Dataset content Block Start

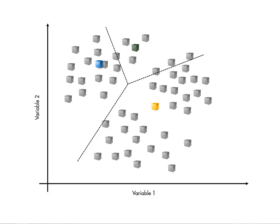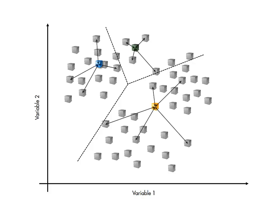But which of the resulting solutions is the best? A good clustering should result in observations clustered closely to the group center. Hence, the total distance from each observation to its group center gives a measure of the quality of the clustering.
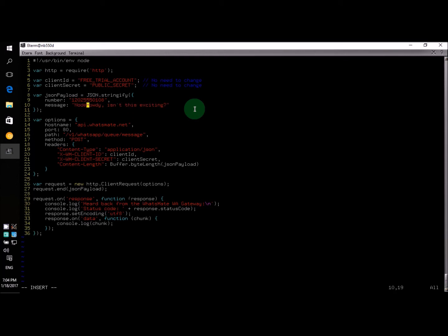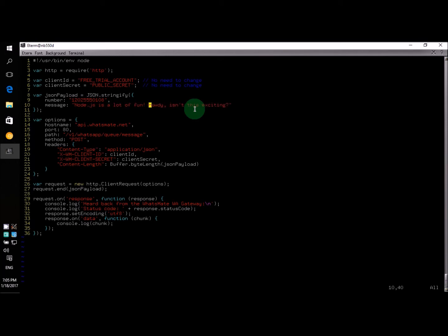Now, JS is a lot of fun. Okay, we're done. Yeah, that's it.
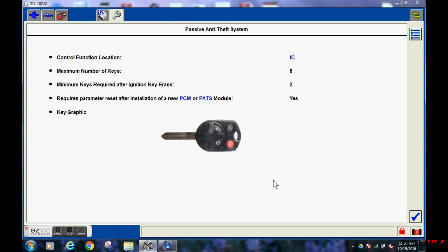This screen shows us that the PATS is in the cluster and that a parameter reset is required.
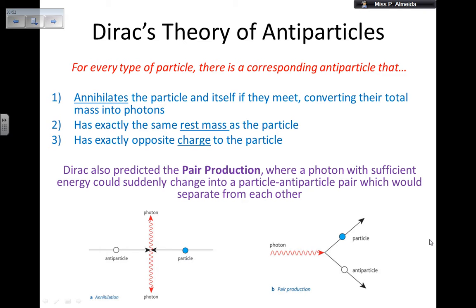Dirac also predicted pair production, where a particle and antiparticle are produced from a single photon that has enough energy. That photon converts its energy into a particle and antiparticle pair, which then separate from each other. In annihilation, an antiparticle and a particle meet, destroy each other, and each releases a photon — one going up, one going down.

Dataset content Block End

*Work to be completed*:
All that is wanted is the lines above between the one containing "Now, JS is a" and the one containing "This screen shows", inclusive, restated word for word, with pictures omitted.

*The completed task*:
Now, JS is a lot of fun. Okay, we're done. Yeah, that's it.
This screen shows us that the PATS is in the cluster and that a parameter reset is required.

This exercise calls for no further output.